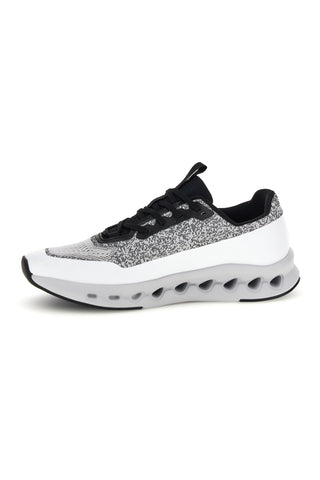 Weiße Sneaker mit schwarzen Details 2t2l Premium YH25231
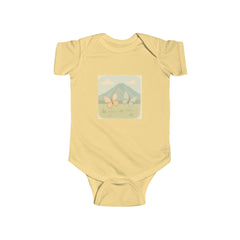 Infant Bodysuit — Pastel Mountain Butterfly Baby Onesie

---

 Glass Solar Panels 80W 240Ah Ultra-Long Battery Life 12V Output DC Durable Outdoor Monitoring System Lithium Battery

- EXERCISE REQUIREMENTS
Only one stretch of the listing above is to be duplicated: the lines from the one containing "Weiße Sneaker mit" through the one containing "Infant Bodysuit —", both included. Copy them exactly, minus the pictures.

- ANSWER SECTION
 Weiße Sneaker mit schwarzen Details 2t2l Premium YH25231
 Infant Bodysuit — Pastel Mountain Butterfly Baby Onesie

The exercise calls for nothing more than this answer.